Die Bedrohungslage für Unternehmen und Behörden steigt immer weiter an: laut Bitkom waren von 2015 bis 2016 53% der Unternehmen in Deutschland direkt von Wirtschaftsspionage, Sabotage oder Datendiebstahl betroffen, und 26% vermutlich betroffen – Tendenz steigend.
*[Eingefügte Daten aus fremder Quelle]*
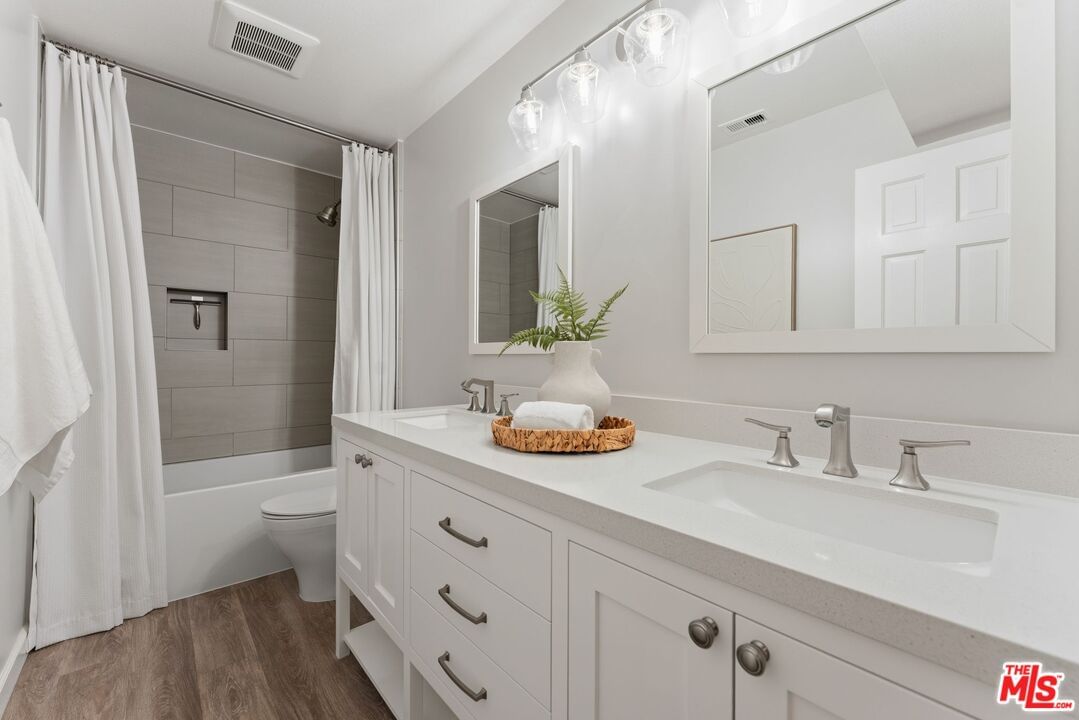 Manhattan Beach photo 23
Durch die zunehmende Vernetzung von Geräten und Diensten vergrößert sich die virtuelle Angriffsfläche in Organisationen. Damit wachsen auch die unmittelbaren Auswirkungen eines Cyber-Angriffs und die damit verbundenen Schäden innerhalb einer Organisation. Beispielsweise sorgte ein Hackerangriff auf den Konzern Beiersdorf im Jahr 2017 durch Beeinträchtigung der Produktion für einen Millionenschaden. Um bei Angriffen oder Notfällen eine strukturierte zielführende Vorgehensweise zu wahren, ist ein wirkungsvolles Krisenmanagement erforderlich. Dies stellt eine komplexe Aufgabe dar, da viele verschiedene Akteure berücksichtigt werden müssen. Hinzu kommt ein geringes Risiko- und Gefahrenbewusstsein innerhalb von Organisationen.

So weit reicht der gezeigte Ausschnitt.